Burlingame Library Foundation invite
Above, an invitation to Burlingame's library fundraiser ...
Image from wincountrygetaways.com
2004 Salinas library closure protest
... While in Salinas in 2004, readers protest "death of the libraries."
Photo from indymedia.org

On Saturday, May 3, the Burlingame Public Library Foundation hosted a lunch that was as much about building community as it was about raising funds. As one of the organizers put it, the afternoon was an exercise in “friend-raising.”

Michael Krasny, the host of the San Francisco Bay Area public radio station KQED’s Forum program, talked about his new book, Off Mike: A Memoir of Talk Radio and Literary Life, published this year by Stanford University Press.

Michael shared his often hilarious experiences interviewing everyone from Bill Clinton to the Merry Pranksters’ Ken Kesey, detailing the journey that took him from host of a show called “Beyond the Hot Tub” in swinging 1970’s Marin (the county north of San Francisco best known for hot tubs, peacock feathers, and the self-actualization movement EST) to “Bay Area cultural institution,” as author Michael Chabon describes him.

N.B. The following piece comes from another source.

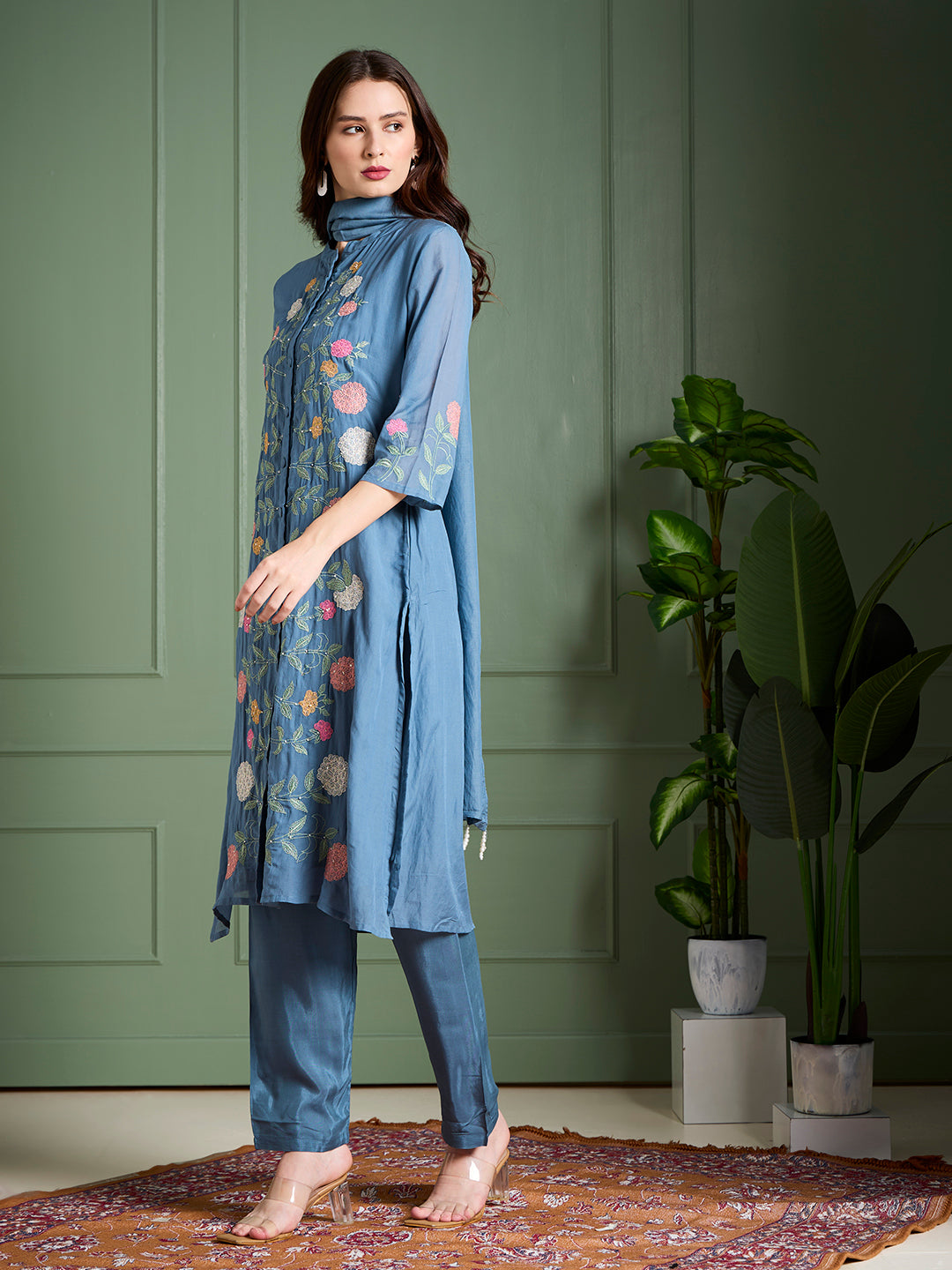 Solid Floral Embroidered Straight Kurta with Pant & Dupatta - Blue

Henry H. Neff, a teacher at the private San Francisco boys’ high school Stuart Hall, spoke about his experience writing The Tapestry, a series of young adult novels that our 10-year-old son, who’s anxiously awaiting the next installment, describes as “like Harry Potter, but even better.” Charming, funny, and articulate, Henry’s next book comes out this fall – news that our son was delighted to hear.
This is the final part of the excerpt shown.